The next chapter
By Nathan Rice
My heart was heavy as I examined the toys and games that were spread throughout my living room floor. I placed items to be donated in one area and items to be thrown away in another. I knew these things were no longer needed, but it didn’t make the process of cleaning them out any easier. My volunteer work with kids and youth had been a big part of my life for the last 15 or so years, but the organization I worked for in this area closed. Therefore, this chapter in my life closed as well. Memories flooded my mind, and I knew I was going to miss these times.

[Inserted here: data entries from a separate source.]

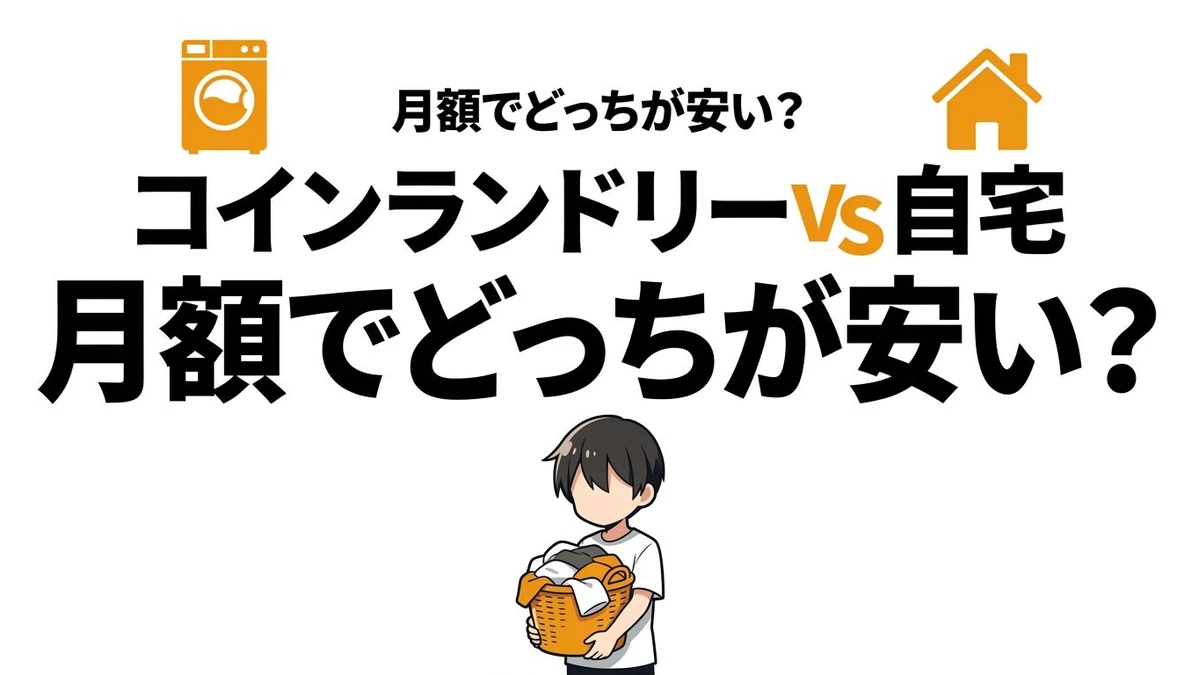 【結論】コインランドリーvs自宅洗濯のコスパ比較！日常は家、大物と乾燥は外が強い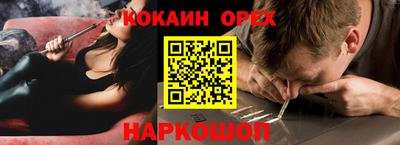 а пвп мука Изобильный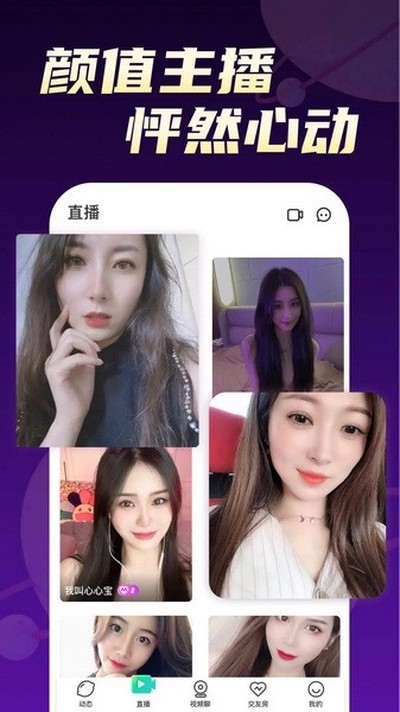 ����ֱ���ֻ�������v1.6.2.0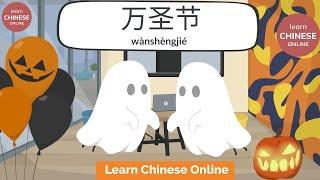 Halloween Words & Phrases in Mandarin Chinese | Learn Chinese Online | Chinese Listening & Speaking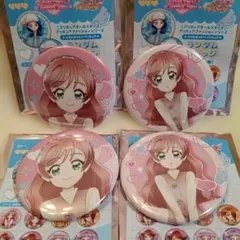 ハートキャッチプリキュア ローソン コラボ 限定 缶バッジ つぼみ
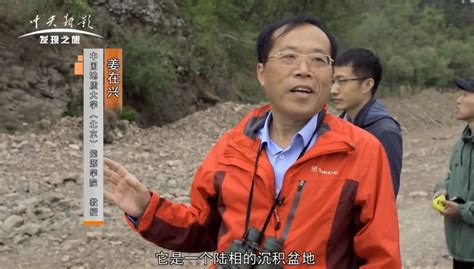 国颐堂成CCTV发现之旅频道《时代影像》栏目展播企业 - 每日头条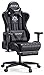 AutoFull Gaming Stuhl Schreibtischstuhl Gamer Ergonomischer PU-Leder Bürostuhl,Einstellbare Sitzhöhe und Rückenlehnenneigung,Pc Stuhl mit Lendenwirbelstütze und Fußstütze,Schwarz (drei Jahre Garantie)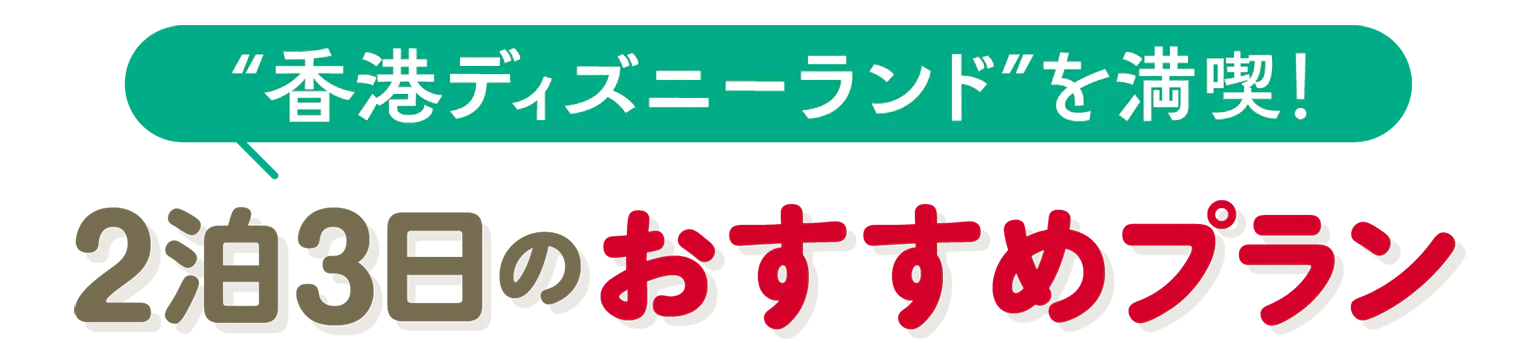 “香港ディズニーランド”を満喫！2泊3日のモデルプランの見出し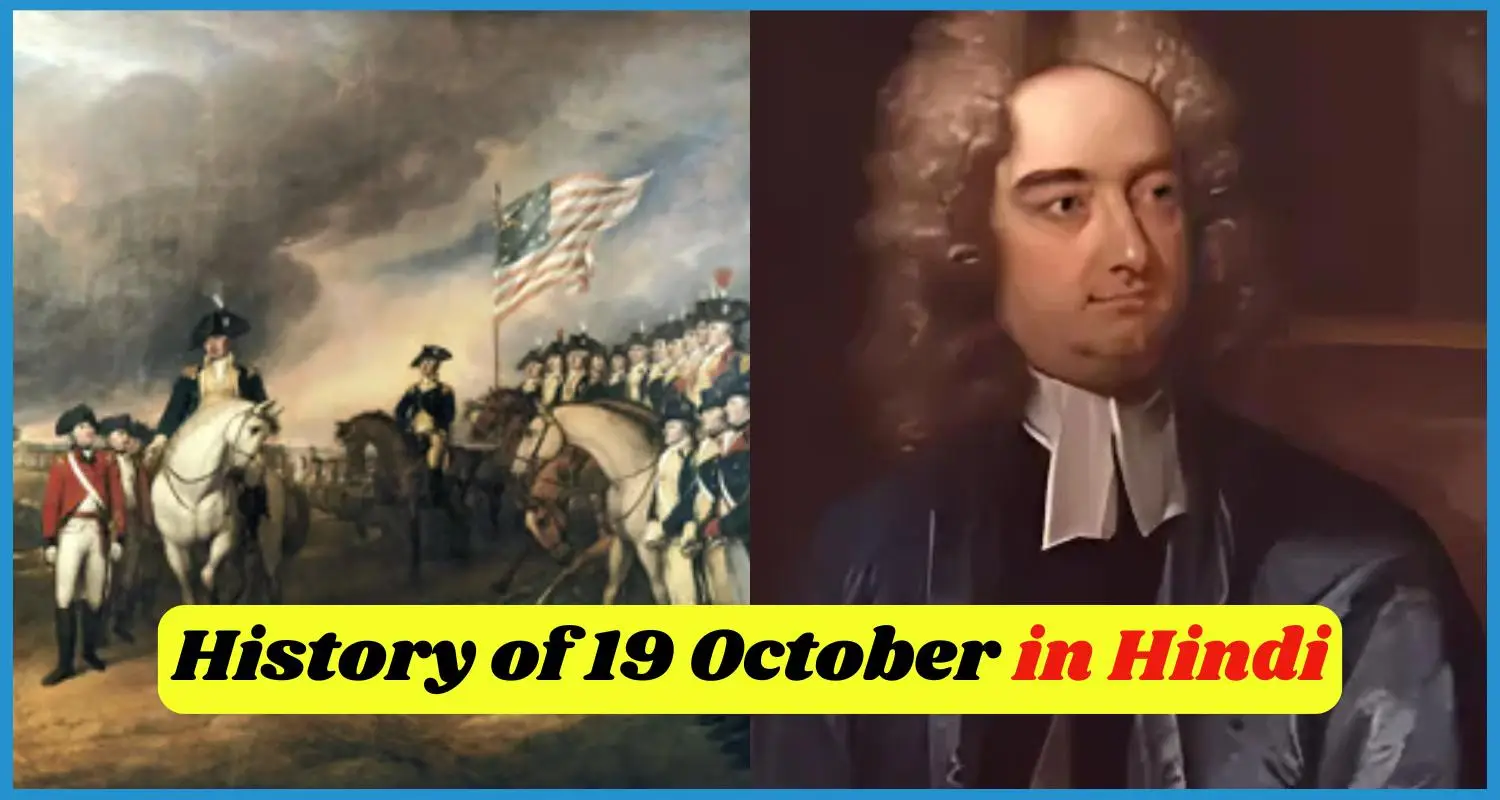 Showing the image of History of 19 october in hindi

It can be difficult when a chapter in life closes or a significant part of life is lost. While it may not be easy, there are some things we can do to help ourselves as we turn the page from one chapter in life to the next.
First, we must realize that it’s OK to mourn the loss of something. Most know the grief process when a loved one is lost, but we don’t often equate the loss of something important to us with a time of grief. We should expect a time of adjustment that may not be easy. It will be different than mourning the loss of a person, but we may experience many of the same emotions. As with all grief, it will be important to go through the process in order to heal and move forward.
Next, we should remain grateful for the good times during that chapter in life. Anyone who has experienced loss knows that part of grief is reflection and being thankful for the time that we were given. While this is, again, different from the loss of a person, we should be grateful for the time we had in the chapter of life that has closed.
Lastly, we shouldn’t allow the closing of one chapter in life to be the end of our story. Taking time to remember the closed chapter can be healthy and contribute to healing, but we can’t live in a portion of life that has come to an end. Refusing to enter into the next chapter in life stifles what lies ahead and can block another chapter that has the potential to bring good times as well. It’s OK to love and remember a chapter in life, but it’s harmful to stay there once it has closed.
I’m not sure what the title will be for the next chapter in my life. I am unsure if I will be given another opportunity to work with young people in a different format or if the next chapter in my life will look totally different.
When one chapter ends and another begins, let’s be grateful for what we had, mourn what was lost, and move forward into the next phase one step at a time.